Goal of the exercise: The answer should be each line from the entries below that has the word "Shade" in it.
====
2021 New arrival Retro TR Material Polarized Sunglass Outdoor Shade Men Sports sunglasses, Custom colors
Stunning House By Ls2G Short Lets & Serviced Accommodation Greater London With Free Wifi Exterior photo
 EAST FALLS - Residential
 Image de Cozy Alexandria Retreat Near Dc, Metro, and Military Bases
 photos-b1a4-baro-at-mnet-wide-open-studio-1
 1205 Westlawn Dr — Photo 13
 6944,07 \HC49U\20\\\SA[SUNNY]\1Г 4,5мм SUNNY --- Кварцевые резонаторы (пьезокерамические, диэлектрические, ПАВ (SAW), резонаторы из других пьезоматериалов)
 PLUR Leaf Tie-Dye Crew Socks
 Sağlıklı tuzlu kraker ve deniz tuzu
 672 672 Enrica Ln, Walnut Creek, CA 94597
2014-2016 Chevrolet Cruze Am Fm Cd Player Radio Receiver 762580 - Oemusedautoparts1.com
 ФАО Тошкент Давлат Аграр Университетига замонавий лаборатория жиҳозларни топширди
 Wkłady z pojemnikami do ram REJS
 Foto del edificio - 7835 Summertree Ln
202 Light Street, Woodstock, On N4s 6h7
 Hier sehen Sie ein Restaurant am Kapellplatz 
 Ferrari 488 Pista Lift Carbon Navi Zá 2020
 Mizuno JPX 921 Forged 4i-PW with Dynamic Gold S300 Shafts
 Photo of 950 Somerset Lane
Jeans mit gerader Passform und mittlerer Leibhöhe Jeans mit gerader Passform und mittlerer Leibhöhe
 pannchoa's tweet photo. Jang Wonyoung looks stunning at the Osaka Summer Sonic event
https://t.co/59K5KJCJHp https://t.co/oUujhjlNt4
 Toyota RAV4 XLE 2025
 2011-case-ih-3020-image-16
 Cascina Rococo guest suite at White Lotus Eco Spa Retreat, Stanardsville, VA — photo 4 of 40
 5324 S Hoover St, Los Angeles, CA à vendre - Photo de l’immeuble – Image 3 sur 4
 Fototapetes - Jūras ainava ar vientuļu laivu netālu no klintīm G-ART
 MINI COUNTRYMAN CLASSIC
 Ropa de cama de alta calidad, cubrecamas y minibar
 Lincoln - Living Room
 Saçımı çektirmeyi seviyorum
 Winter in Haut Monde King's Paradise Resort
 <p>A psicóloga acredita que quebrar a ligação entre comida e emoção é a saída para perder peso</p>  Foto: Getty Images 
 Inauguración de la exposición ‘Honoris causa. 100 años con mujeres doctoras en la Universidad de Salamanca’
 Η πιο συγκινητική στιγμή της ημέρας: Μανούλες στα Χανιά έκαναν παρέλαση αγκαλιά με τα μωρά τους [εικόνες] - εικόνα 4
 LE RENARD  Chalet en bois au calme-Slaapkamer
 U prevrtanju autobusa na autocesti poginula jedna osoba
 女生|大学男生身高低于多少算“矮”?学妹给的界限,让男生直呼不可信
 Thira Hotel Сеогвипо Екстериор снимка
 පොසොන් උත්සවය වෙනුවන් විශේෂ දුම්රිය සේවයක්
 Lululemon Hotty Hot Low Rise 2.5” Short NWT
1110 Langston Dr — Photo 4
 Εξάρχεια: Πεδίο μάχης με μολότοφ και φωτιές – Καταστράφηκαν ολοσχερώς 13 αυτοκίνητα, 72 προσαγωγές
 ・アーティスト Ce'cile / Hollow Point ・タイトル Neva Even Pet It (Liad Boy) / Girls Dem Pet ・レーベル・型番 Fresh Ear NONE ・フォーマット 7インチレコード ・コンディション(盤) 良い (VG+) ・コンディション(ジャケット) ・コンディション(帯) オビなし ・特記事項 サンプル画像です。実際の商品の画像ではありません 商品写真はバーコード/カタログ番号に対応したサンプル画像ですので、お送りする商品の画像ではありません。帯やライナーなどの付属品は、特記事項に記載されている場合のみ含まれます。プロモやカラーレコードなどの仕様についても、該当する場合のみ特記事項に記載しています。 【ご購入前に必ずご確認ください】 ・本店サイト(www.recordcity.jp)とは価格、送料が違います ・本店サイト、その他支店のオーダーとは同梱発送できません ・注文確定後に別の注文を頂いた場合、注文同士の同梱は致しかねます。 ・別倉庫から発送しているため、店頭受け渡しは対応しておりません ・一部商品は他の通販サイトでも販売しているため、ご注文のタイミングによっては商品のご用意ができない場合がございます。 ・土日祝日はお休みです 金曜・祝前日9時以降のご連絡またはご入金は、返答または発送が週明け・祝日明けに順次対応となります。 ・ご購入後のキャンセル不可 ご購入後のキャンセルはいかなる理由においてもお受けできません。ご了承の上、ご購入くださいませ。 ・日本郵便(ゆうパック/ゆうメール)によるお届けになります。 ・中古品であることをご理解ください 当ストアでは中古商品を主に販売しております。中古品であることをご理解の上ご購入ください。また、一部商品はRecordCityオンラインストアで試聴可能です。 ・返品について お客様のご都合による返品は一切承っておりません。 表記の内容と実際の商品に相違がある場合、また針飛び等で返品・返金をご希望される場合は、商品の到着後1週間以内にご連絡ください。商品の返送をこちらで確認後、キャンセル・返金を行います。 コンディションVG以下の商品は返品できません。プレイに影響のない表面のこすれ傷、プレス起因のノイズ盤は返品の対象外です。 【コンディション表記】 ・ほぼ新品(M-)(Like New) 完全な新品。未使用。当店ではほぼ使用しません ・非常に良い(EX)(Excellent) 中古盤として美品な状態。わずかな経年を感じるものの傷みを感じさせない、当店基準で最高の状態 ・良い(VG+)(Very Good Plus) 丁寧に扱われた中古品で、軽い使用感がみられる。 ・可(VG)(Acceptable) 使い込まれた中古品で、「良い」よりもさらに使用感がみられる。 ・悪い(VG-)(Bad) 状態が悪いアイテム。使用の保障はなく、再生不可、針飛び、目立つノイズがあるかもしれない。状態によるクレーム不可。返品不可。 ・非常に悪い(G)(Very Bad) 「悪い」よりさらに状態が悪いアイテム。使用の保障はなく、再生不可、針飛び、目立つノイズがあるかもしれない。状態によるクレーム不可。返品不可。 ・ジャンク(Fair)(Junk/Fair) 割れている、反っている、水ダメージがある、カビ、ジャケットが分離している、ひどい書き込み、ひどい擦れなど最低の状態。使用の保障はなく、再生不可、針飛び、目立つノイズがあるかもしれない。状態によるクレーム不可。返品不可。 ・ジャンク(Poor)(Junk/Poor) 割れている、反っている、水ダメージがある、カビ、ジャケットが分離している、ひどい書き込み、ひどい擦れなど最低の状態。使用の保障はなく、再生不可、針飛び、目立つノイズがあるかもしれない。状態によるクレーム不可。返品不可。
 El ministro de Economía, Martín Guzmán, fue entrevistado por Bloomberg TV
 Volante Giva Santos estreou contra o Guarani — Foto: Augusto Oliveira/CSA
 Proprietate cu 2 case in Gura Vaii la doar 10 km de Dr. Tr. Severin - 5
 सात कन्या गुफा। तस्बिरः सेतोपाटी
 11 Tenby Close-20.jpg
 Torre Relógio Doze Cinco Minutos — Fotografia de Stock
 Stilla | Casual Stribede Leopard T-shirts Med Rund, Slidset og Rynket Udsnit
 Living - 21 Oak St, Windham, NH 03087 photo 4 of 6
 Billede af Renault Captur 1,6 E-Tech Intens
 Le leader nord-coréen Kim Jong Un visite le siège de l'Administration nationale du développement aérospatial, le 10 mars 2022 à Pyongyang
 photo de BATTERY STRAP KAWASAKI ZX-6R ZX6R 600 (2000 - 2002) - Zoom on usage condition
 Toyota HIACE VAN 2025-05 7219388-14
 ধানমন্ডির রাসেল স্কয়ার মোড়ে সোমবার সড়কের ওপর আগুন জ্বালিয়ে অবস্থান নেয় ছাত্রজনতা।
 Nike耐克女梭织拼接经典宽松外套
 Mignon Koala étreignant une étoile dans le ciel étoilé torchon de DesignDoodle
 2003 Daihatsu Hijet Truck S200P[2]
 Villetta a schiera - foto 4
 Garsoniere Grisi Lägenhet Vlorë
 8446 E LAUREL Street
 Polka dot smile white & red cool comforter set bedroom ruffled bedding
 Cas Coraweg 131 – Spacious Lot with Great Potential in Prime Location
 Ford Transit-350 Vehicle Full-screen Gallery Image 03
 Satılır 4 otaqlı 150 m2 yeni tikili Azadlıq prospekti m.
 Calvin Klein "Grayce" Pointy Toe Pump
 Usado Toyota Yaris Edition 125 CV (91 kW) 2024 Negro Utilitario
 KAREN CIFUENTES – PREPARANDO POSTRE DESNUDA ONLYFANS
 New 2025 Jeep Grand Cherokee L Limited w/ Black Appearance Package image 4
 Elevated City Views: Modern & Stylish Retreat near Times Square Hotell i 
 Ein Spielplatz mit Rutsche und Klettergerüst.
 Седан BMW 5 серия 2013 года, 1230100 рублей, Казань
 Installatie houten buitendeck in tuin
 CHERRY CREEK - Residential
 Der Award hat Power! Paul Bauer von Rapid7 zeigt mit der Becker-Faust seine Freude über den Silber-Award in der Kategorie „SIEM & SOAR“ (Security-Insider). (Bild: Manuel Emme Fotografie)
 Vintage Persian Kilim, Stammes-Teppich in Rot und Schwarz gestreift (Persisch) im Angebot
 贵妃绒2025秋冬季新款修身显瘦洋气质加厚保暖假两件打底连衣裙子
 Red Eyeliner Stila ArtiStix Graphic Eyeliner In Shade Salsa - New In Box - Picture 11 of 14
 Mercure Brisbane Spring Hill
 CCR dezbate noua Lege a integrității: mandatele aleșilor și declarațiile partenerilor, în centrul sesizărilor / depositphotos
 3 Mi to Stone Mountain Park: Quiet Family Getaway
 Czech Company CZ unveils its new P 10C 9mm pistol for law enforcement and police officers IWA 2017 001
====
Response box:
2021 New arrival Retro TR Material Polarized Sunglass Outdoor Shade Men Sports sunglasses, Custom colors
 Red Eyeliner Stila ArtiStix Graphic Eyeliner In Shade Salsa - New In Box - Picture 11 of 14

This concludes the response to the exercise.